धर्मगुब् धर्मकृद् धर्मी सदसत्क्षरमक्षरम् । अविज्ञाता सहसारांशुविधाता कृतलक्षण:
dharmagup dharmakṛd dharmī sadasat kṣaram akṣaram | avijñātā sahasrāṃśu-vidhātā kṛtalakṣaṇaḥ ||
Bhīṣma said: He is the guardian of dharma, the one who establishes dharma by embodying it in action, and the very ground of all righteousness. He is both the Real and the manifest world, the perishable and the imperishable. He is the knower beyond the knower (beyond the individual self), the thousand-rayed one like the sun, the sustainer and ordainer of all, and the bearer of sacred marks upon his body.
भीष्म उवाच
The verse presents Viṣṇu as the ultimate ground of dharma and reality: he both protects and enacts dharma, and he encompasses apparent opposites—truth and world, perishable and imperishable—showing that ethical order and cosmic order are rooted in the divine.

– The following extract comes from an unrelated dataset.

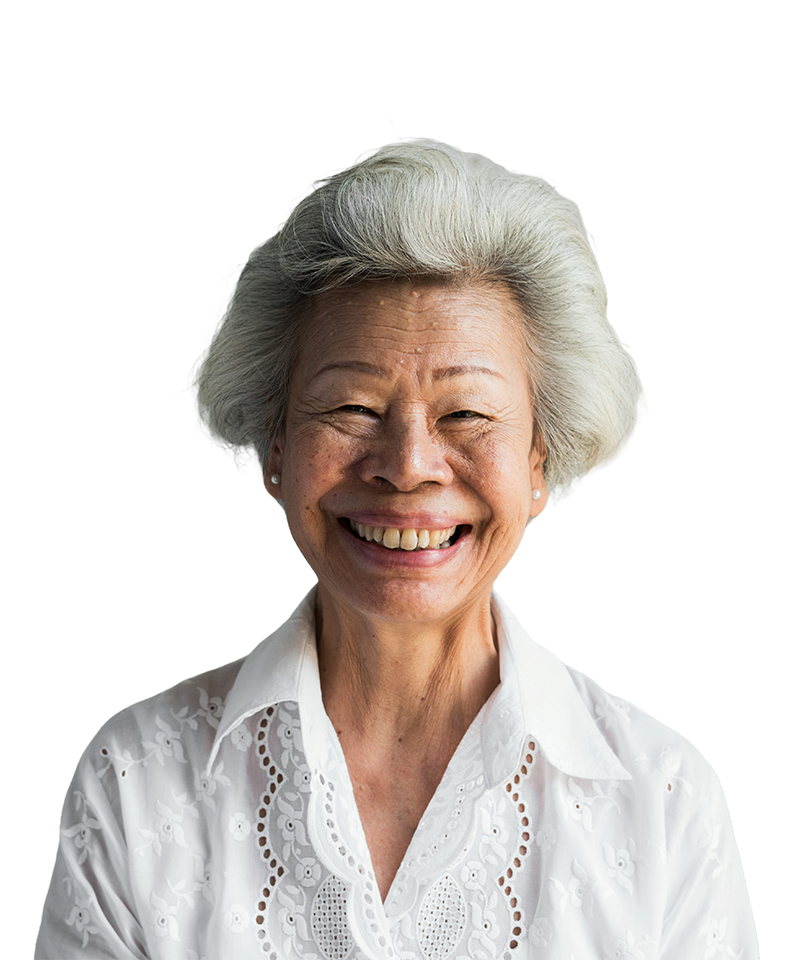 An elderly woman with gray hair and a wide smile, wearing a white blouse.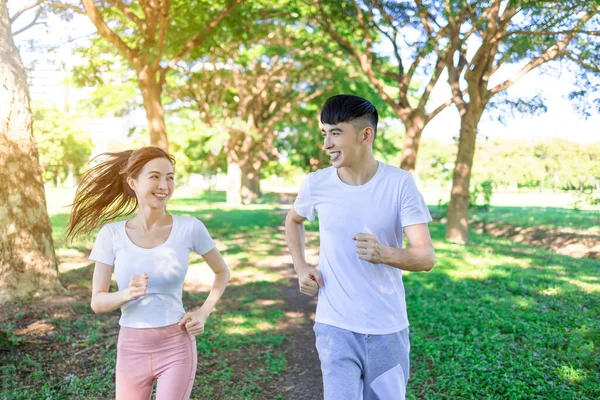Happy Young Couple Jogging Park Sunny Day — стоковое фото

In Anuśāsana Parva, Bhīṣma is instructing and praising the supreme deity through a litany of epithets. This verse is part of that praise, identifying the deity’s moral role (guardian of dharma) and metaphysical scope (both kṣara and akṣara), reinforcing the devotional and ethical frame of Bhīṣma’s teaching.